Help Center> Cloud Search Service> FAQs> Functions> How Do I Use Elasticsearch Custom Scoring to Query Data?
Updated on 2022-08-31 GMT+08:00

How Do I Use Elasticsearch Custom Scoring to Query Data?

Perform the following procedure to use the custom scoring function of Elasticsearch to query data.

Procedure

  1. Log in to the CSS management console.
  2. In the left navigation pane, click Clusters to switch to the Clusters page.
  3. In the cluster list, locate the row that contains the target cluster and click Access Kibana in the Operation column.
  4. In the left navigation pane of Kibana, click Dev Tools. Click Get to work to switch to the Console page.
  5. Run commands, as shown in the examples below, to create an index and specify a user-defined mapping to define the data type:

    For example, the tv.json data file is available and contains the following data:

    {
    "tv":[
    { "name": "tv1", "description": "USB, DisplayPort", "vote": 0.98 }
    { "name": "tv2", "description": "USB, HDMI", "vote": 0.99 }
    { "name": "tv3", "description": "USB", "vote": 0.5 }
    { "name": "tv4", "description": "USB, HDMI, DisplayPort", "vote": 0.7 }
    ]
    }
    Run the following command to create the mall index and specify the user-defined mapping to define the data type:
    PUT /mall?pretty
    {
      "mappings": {
        "tv": {
          "properties": {
            "description": {
              "type": "text",
              "fields": {
                "keyword": {
                  "type": "keyword"
                }
              }
            },
            "name": {
              "type": "text",
              "fields": {
                "keyword": {
                  "type": "keyword"
                }
              }
            },
            "vote": {
              "type": "float"
            }
          }
        }
      }
    }
  6. Run the following command to import data in the tv.json file to the mall index:
    POST /mall/tv/_bulk?pretty
    { "index": {"_id": "1"}}
    { "name": "tv1", "description": "USB, DisplayPort", "vote": 0.98 }
    { "index": {"_id": "2"}}
    { "name": "tv2", "description": "USB, HDMI", "vote": 0.99 }
    { "index": {"_id": "3"}}
    { "name": "tv3", "description": "USB", "vote": 0.5 }
    { "index": {"_id": "4"}}
    { "name": "tv4", "description": "USB, HDMI, DisplayPort", "vote": 0.7 }
  7. Query data by using custom scoring.
    • The total score of each TV is computed based on the absolute praise rate and the queried products are then sorted based on their total score, from the highest to lowest.

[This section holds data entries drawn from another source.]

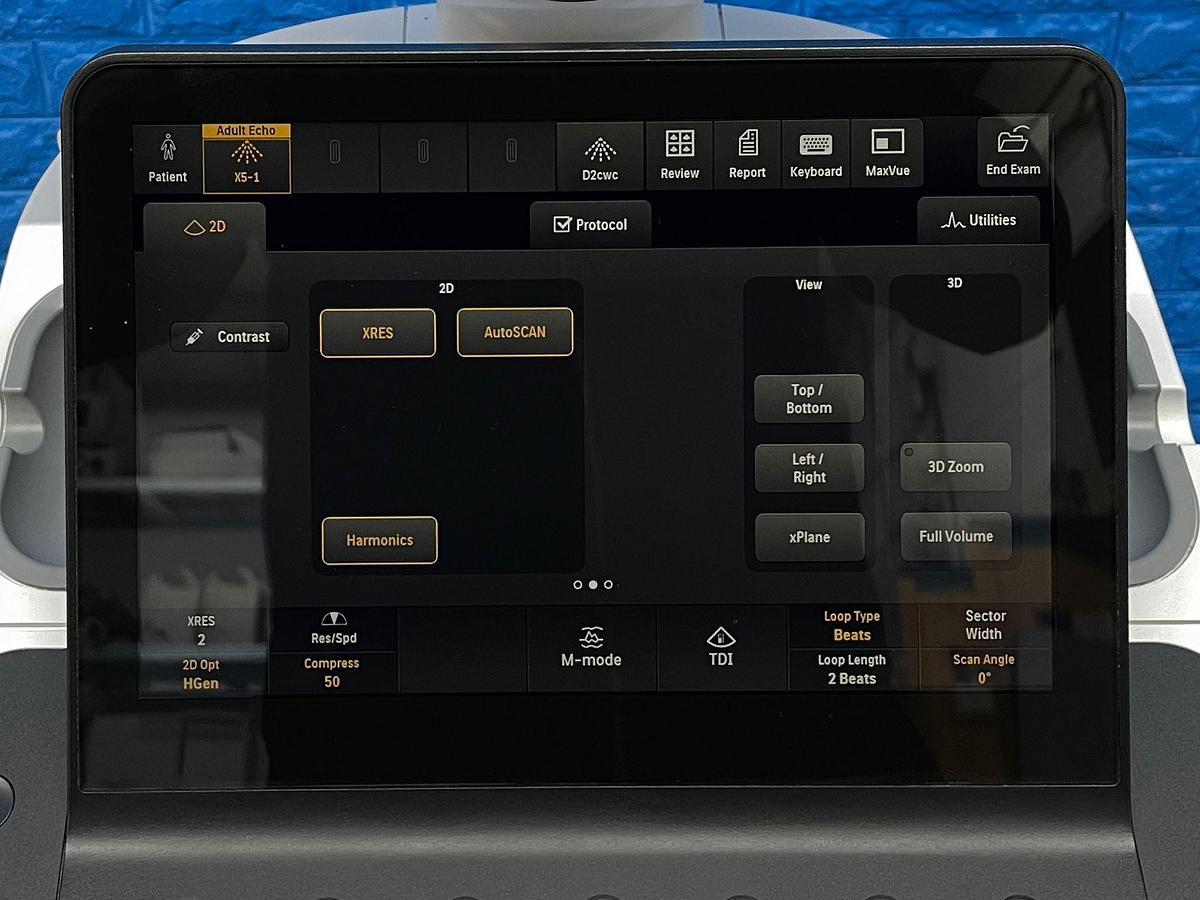 Used Philips EPIQ 7C Ultrasound  SW: HW A.1 YOM: 2016 SN: US616B0913 Probe  X5-1 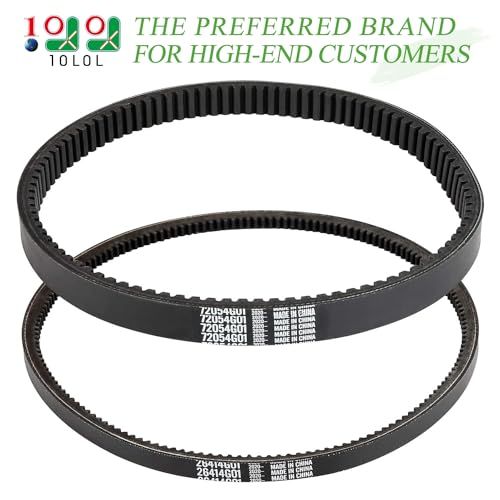 10L0L Clutch Drive Belt & Starter Generator Belt Kit for EZGO TXT, Medalist, Workhorse 1994-up Golf Cart with 295/350cc Robin Engines, OEM 72054G01 72024G01 72025G01 26414G01 630587 - Image 2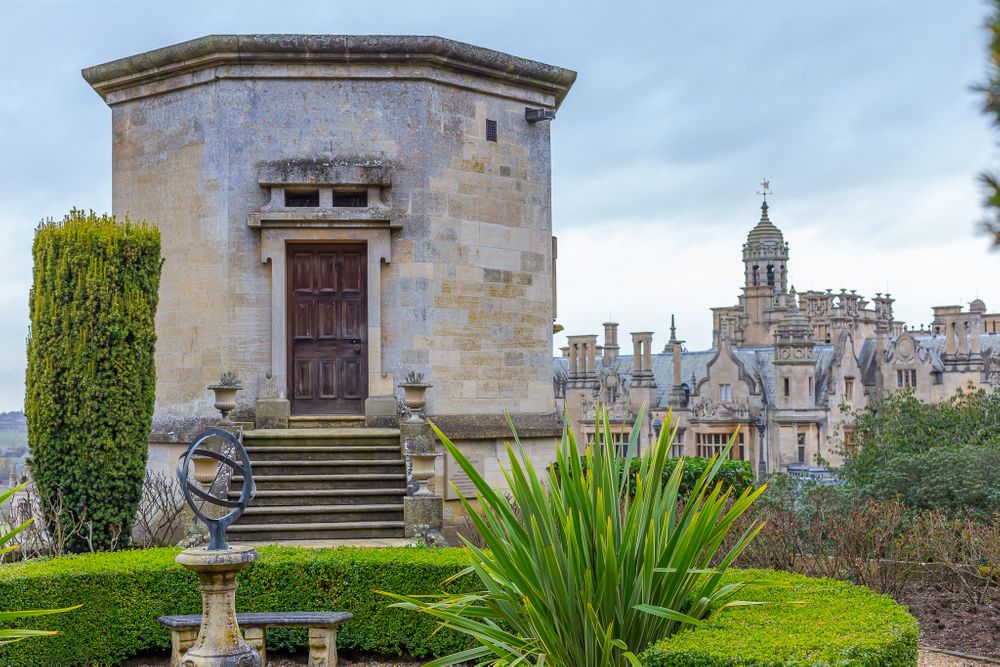Harlaxton Manor gardens, Grantham, Lincolnshire
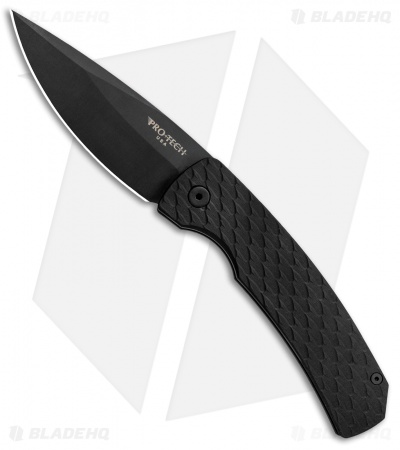 Pro-Tech Magic 2 "Whiskers" Automatic Knife Feather Texture (3.75" Black) M2607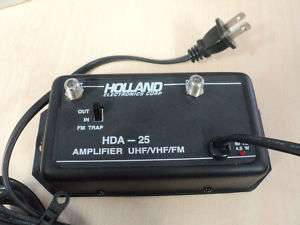HOLLAND * HDA 25 * AMPLIFIER UHF/VHF/FM  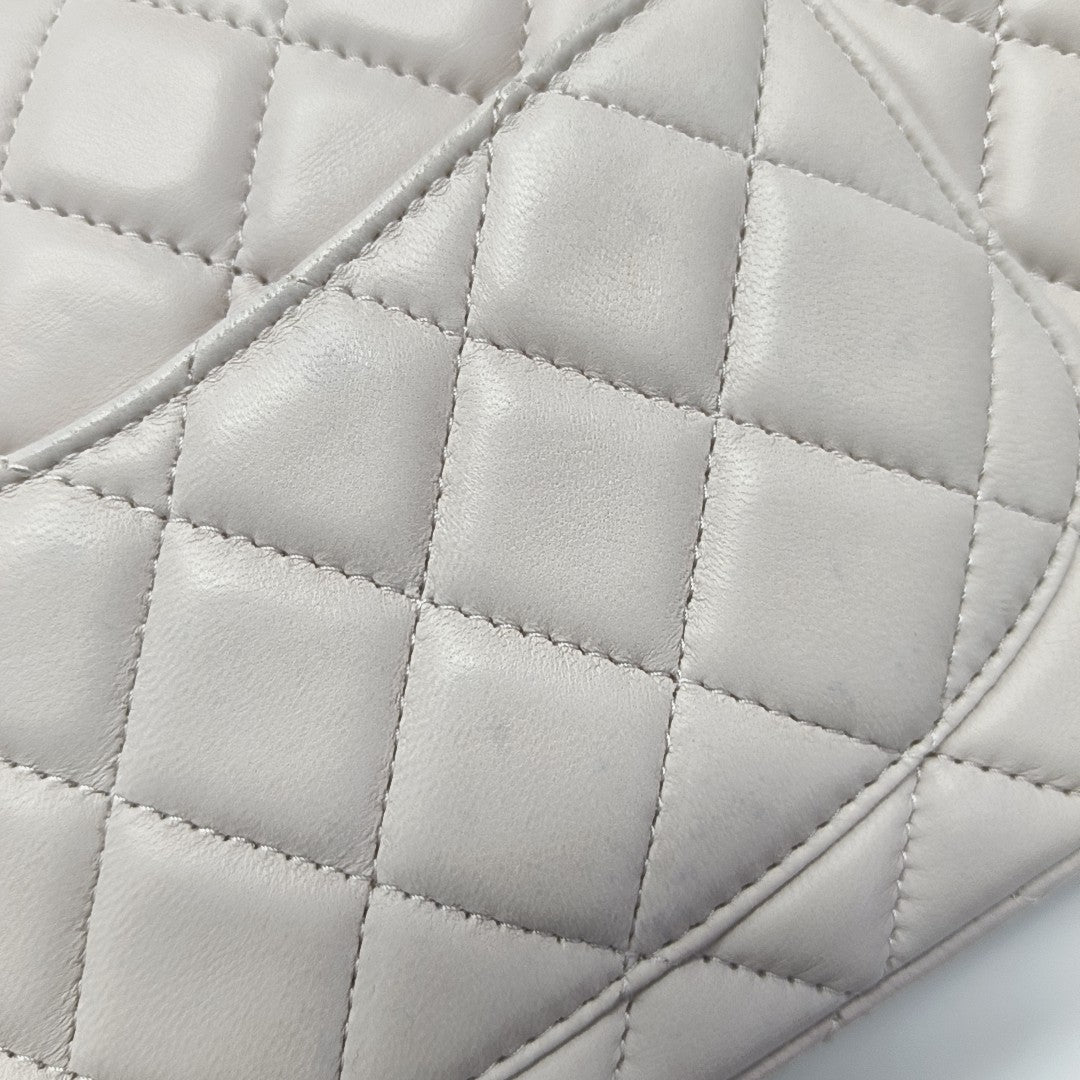 CLASSIC FLAP Small Quilted Calfskin Pink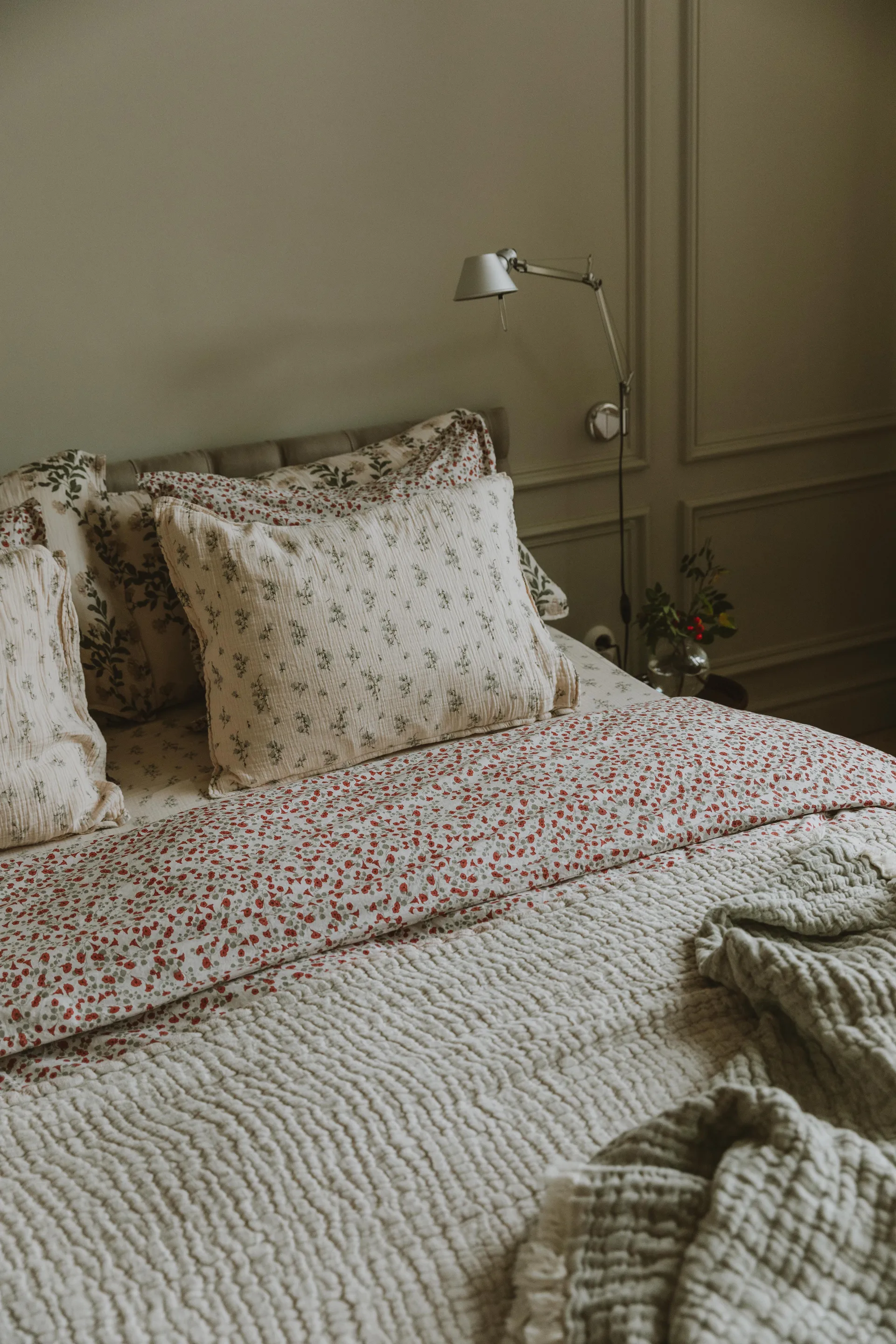 Bluebell Muslin kussensloop, 50x75 cm Garbo&Friends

      The following sample code illustrates how to query TVs with USB, HDMI, or DisplayPort port. In this example, they get a score 0 for a TV if it has none of the three ports, 1 if it has one, 2 if it has two, and 3 if it has all three. Then, the obtained scores are multiplied by the TV's absolute praise rate to obtain their total scores. Finally, the TVs are sorted in an order of their total scores from the highest to lowest.

      GET /mall/tv/_search?pretty
      {
        "query":{
          "function_score":{
            "query":{
              "bool":{
                "should":[
                  {"constant_score":{
                      "query":{"match":{"description":"USB"}}
                  }},
                  {"constant_score":{
                      "query":{"match":{"description":"HDMI"}}
                  }},
                  {"constant_score":{
                      "query":{"match":{"description":"DisplayPort"}}
                  }}
                ]
              }
            },
            "field_value_factor":{
              "field":"vote",
              "factor":1
            },
            "boost_mode":"multiply",
            "max_boost":10
          }
        }
      }

      In the preceding example, the total score is calculated as follows: new_score = query_score x (factor x vote)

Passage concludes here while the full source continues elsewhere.